◆ DATASET CONTENT ◆
★ ★ ★ ★ ★ ★ ★

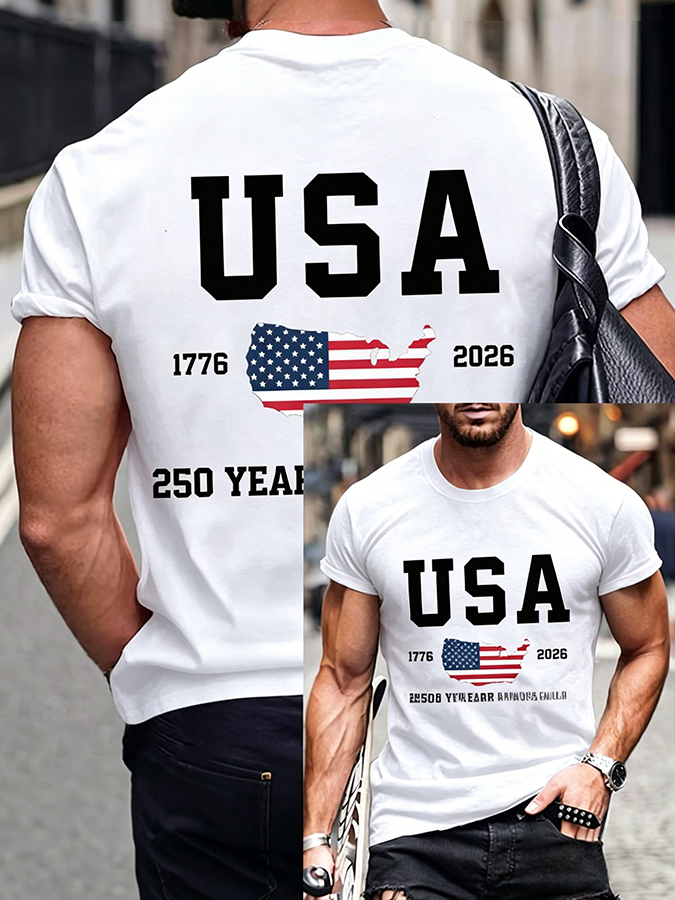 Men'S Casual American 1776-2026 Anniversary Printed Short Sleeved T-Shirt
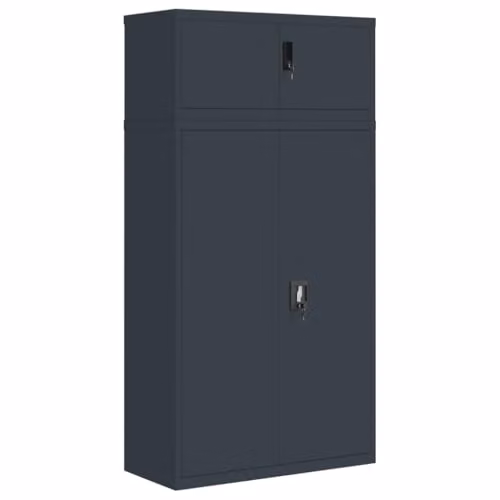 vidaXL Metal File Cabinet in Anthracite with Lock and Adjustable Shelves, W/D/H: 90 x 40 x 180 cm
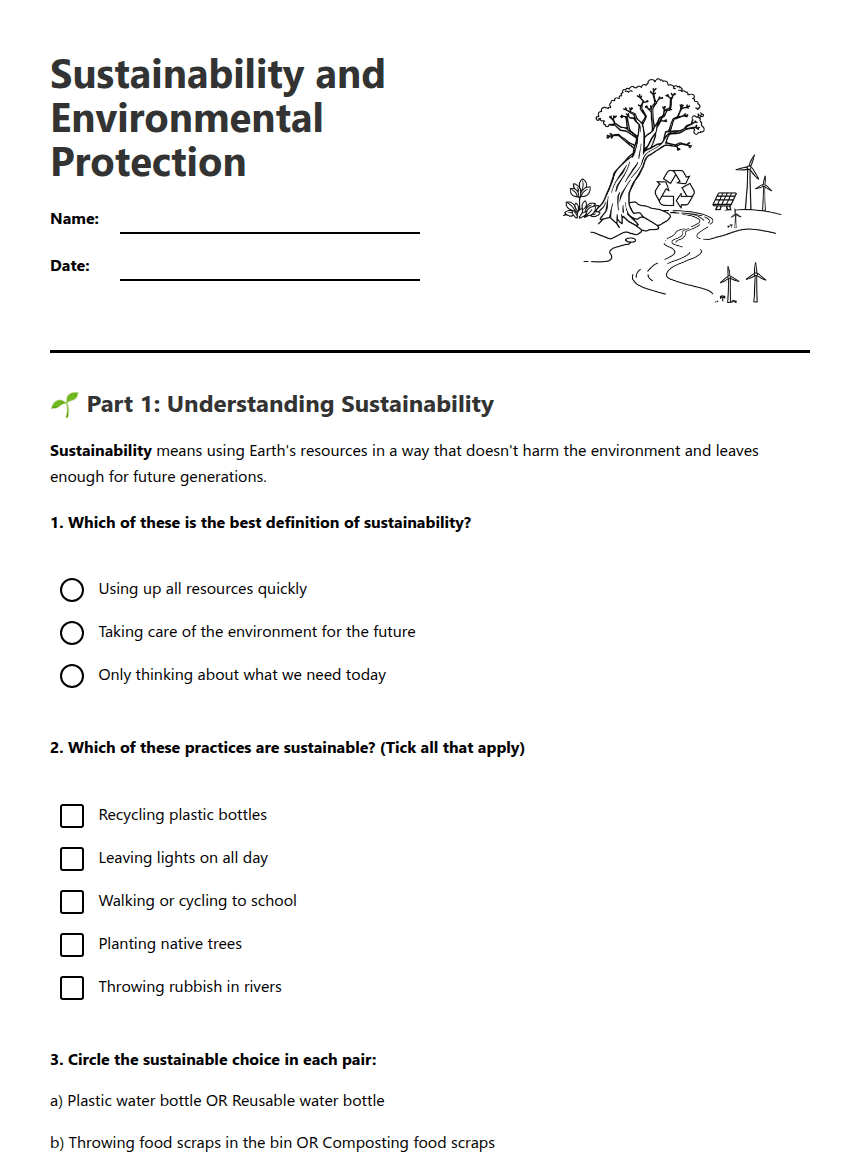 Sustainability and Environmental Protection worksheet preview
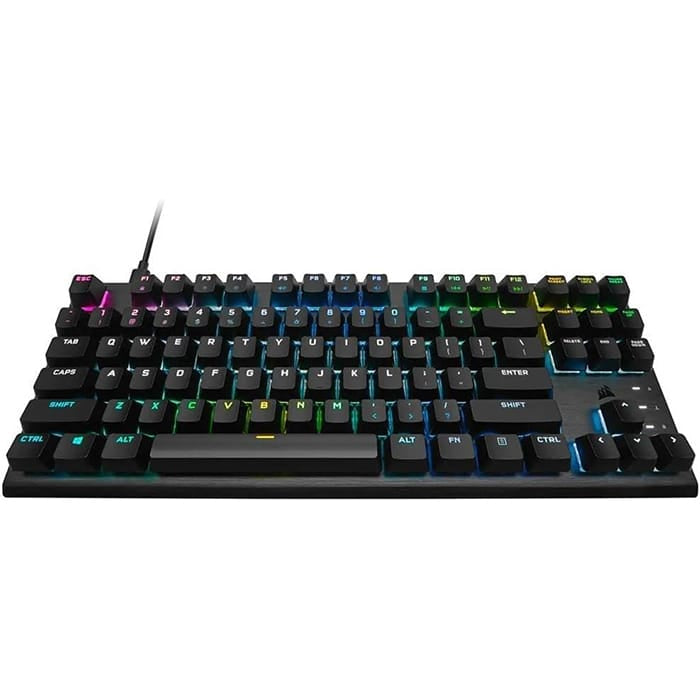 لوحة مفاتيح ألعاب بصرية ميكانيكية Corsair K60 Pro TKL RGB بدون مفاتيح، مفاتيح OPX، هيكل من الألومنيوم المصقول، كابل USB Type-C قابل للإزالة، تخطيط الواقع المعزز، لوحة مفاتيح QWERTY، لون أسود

★ ★ ★ ★ ★ ★ ★

◆ ACTIVITY ◆
Please copy the lines above, starting at the one that holds "vidaXL Metal File" and stopping after the last line, exactly as they appear and minus the pictures.

◆ SOLUTION TO THIS PROBLEM ◆
 vidaXL Metal File Cabinet in Anthracite with Lock and Adjustable Shelves, W/D/H: 90 x 40 x 180 cm
 Sustainability and Environmental Protection worksheet preview
 لوحة مفاتيح ألعاب بصرية ميكانيكية Corsair K60 Pro TKL RGB بدون مفاتيح، مفاتيح OPX، هيكل من الألومنيوم المصقول، كابل USB Type-C قابل للإزالة، تخطيط الواقع المعزز، لوحة مفاتيح QWERTY، لون أسود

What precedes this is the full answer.